Till that point, the most unconventional she has been is to go to a casino on a visit to Vegas and play baccarat, a game that gives a player the illusion that she is using her mind, but is actually just a lottery. She wins some and then loses plenty. Shortly after, like the real life Indian American nurse, Sandeep Kaur, aka, ‘Bombshell Bandit’, she starts stealing to pay her debts and becomes infamous as Simran, the Lipstick Bandit.
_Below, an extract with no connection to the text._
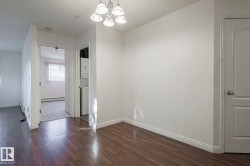 Unfurnished dining area featuring dark wood finished floors, a chandelier, stacked washing machine and dryer, and a baseboard radiator - 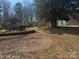 Unkept backyard with outbuildings and overgrown landscaping, a blank canvas to create your dream oasis at 128 Trexler Ave, Mount Holly, NC 28120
Director Hansal Mehta looks at culture in conflict with lifestyle choices in a very objective and creative way in Simran. Money is an obsession, an addiction, not just for Praful, but for many characters in the film, and completely takes over their lives and personalities; for the gamblers in Vegas, for the criminals who loan her money, for her cheating boss at the hotel, and even for her father, who can think of nothing else. On the rare occasion that Praful meets a person who thinks nothing of money, she is floored. Outside the casino is a man who sells trinkets, and when she says that she has no money to buy any, he gives her a few pieces as a gift. So touched is she by this gesture, that as soon as she wins a few thousand in her first few games, she goes out and hands the man 100 dollars.
The transactional nature of relationships in an excessively consumerist society is bluntly described in a scene when she falls into bed with a hunk she meets at a casino. Apparently, he is carrying no ‘protection’. She pushes him off, zips up her dress, takes a sip of champagne and says: ’no protection, no sex’. Later, when she agrees to her parents’s arranged meeting with an Indian, recently arrived in the U.S. (Sohum Shah), she is flabbergasted by his inability to see a deal when it is in front of him, and, still later, is infuriated by his altruism when he recognises her problem and transfers money to her account. In tears, she tells him he deserves someone better, and wishes a happy life for him. It is the saddest scene in the film.
Mehta looks at an immigrant community desperately trying to preserve the facade of its cultural tradition, while in a vertical and horizontal conflict with the great non resident dream. Quite plausibly, this could lead to a person becoming unhinged. Kangana Ranaut plays this disintegrating individual with rare skill in Simran. So engrossed is she in the role, that the persona she adopts stops looking like fiction. The actress, the writer and the director of this film have given us a film that entertains, lingers in our minds and resonates with our own experiences.